Records from a collection:
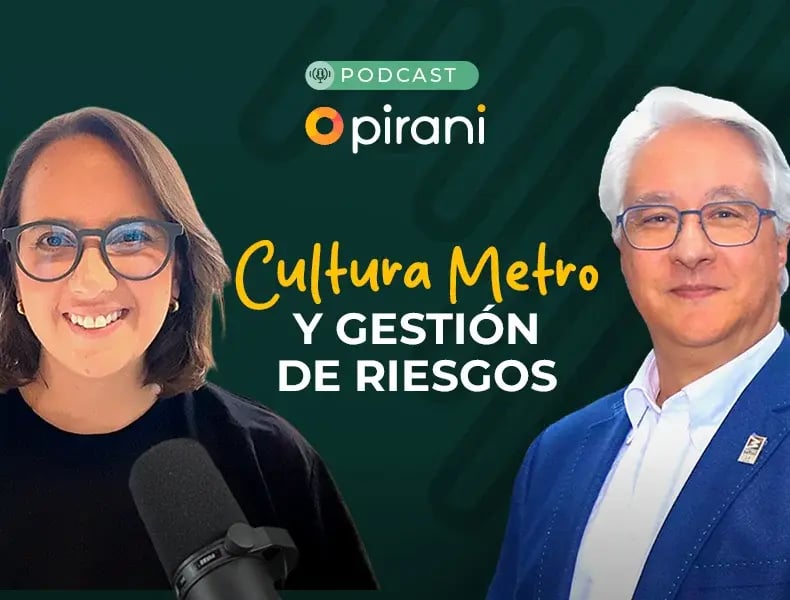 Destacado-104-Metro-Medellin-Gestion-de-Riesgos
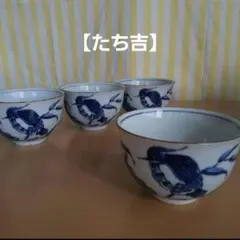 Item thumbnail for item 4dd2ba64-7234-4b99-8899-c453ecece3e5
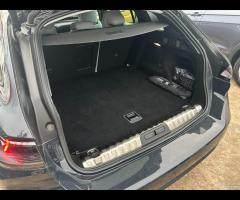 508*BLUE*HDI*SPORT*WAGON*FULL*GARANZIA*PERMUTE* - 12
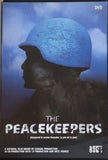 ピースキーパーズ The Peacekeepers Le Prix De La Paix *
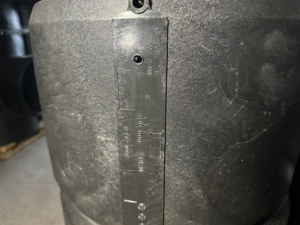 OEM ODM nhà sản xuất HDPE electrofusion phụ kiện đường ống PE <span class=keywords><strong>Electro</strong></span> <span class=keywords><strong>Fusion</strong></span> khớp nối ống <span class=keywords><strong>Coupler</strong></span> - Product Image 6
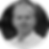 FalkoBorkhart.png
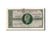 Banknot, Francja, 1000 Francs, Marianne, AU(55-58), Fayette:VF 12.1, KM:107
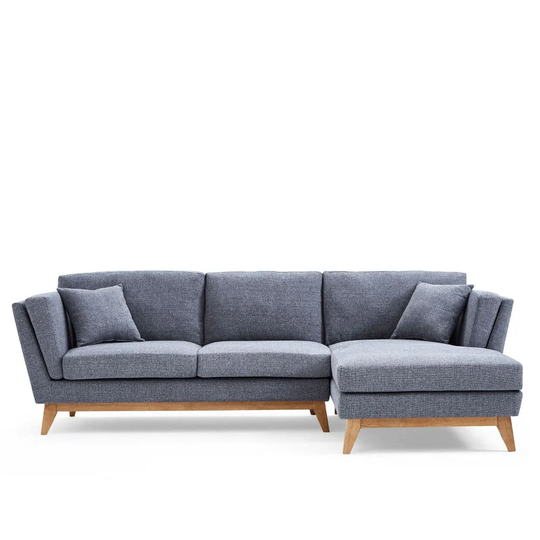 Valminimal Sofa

AIM OF THE EXERCISE
Please quote the records above exactly, beginning at the line that contains "OEM ODM nhà" and ending at their last line. Leave the pictures out.

SOLUTION TO THE PROBLEM
 OEM ODM nhà sản xuất HDPE electrofusion phụ kiện đường ống PE <span class=keywords><strong>Electro</strong></span> <span class=keywords><strong>Fusion</strong></span> khớp nối ống <span class=keywords><strong>Coupler</strong></span> - Product Image 6
 FalkoBorkhart.png
 Banknot, Francja, 1000 Francs, Marianne, AU(55-58), Fayette:VF 12.1, KM:107
 Valminimal Sofa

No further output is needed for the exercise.